▶ [About this task]
Drop the images. Copy every line below character for character.

▶ [Data shown]
----

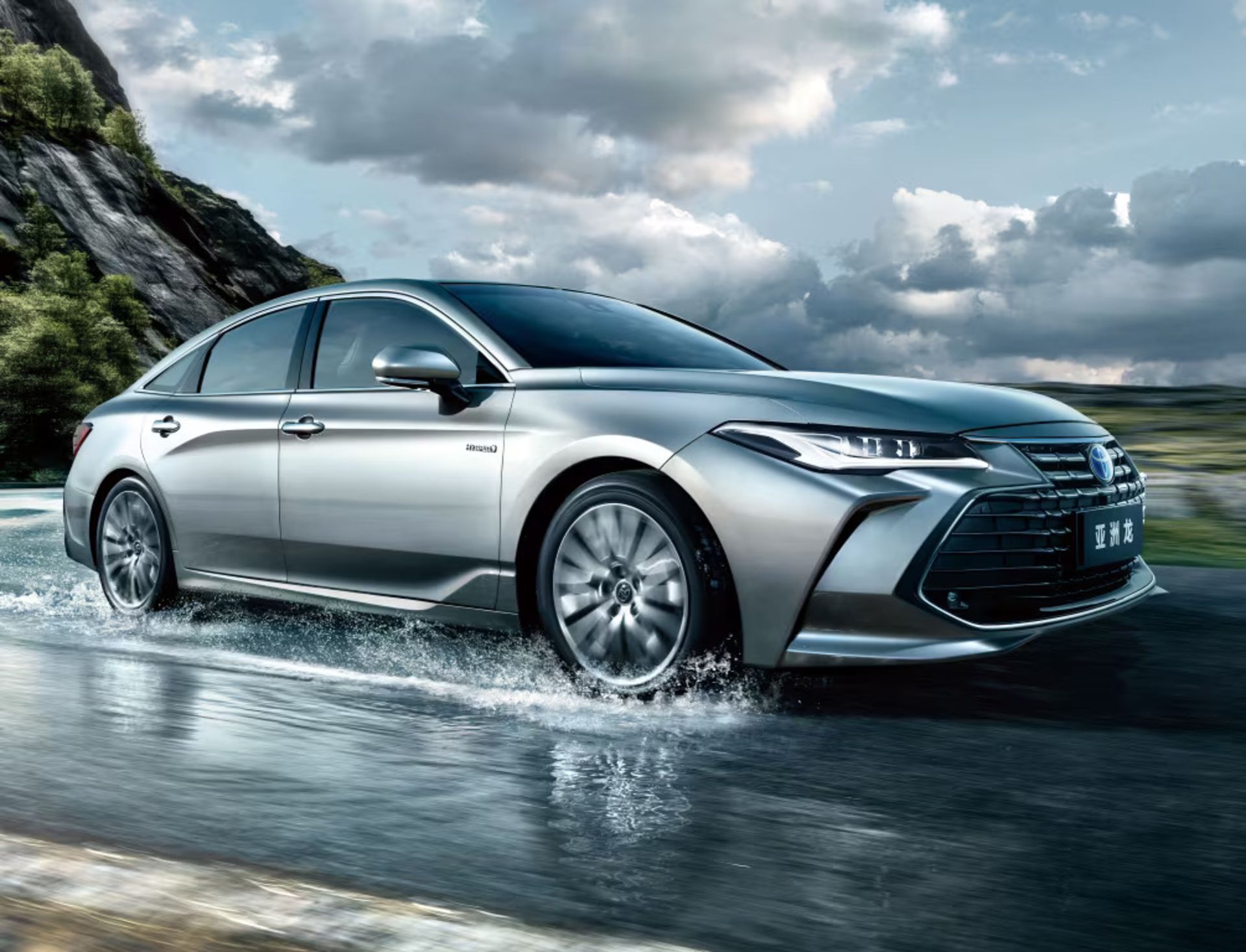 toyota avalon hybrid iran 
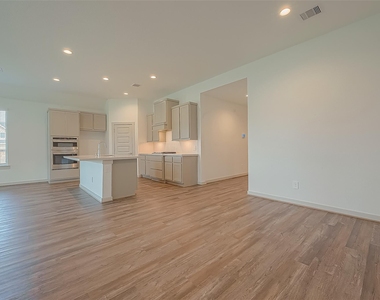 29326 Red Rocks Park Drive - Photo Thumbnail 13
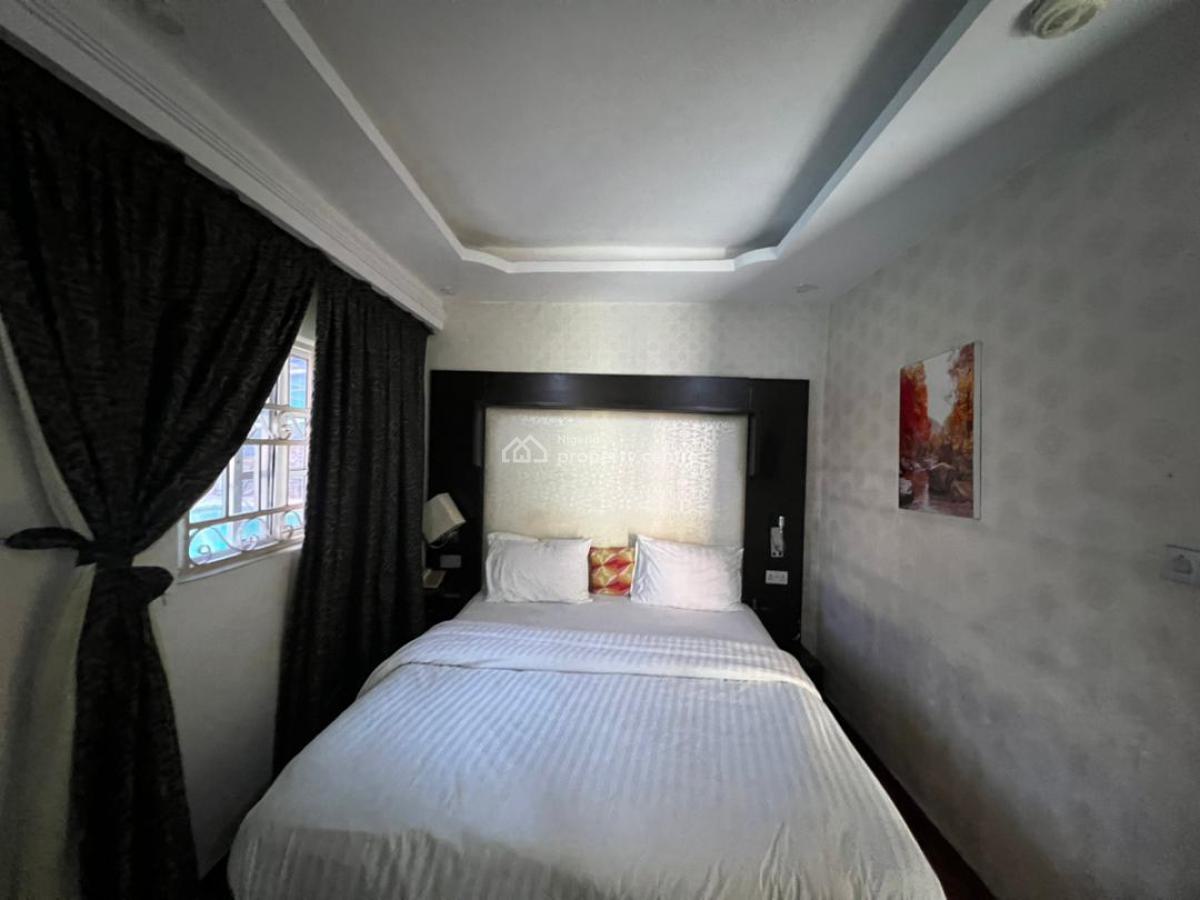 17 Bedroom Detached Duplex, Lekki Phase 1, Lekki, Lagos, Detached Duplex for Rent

----

▶ [Result for this exercise]
 toyota avalon hybrid iran 
 29326 Red Rocks Park Drive - Photo Thumbnail 13
 17 Bedroom Detached Duplex, Lekki Phase 1, Lekki, Lagos, Detached Duplex for Rent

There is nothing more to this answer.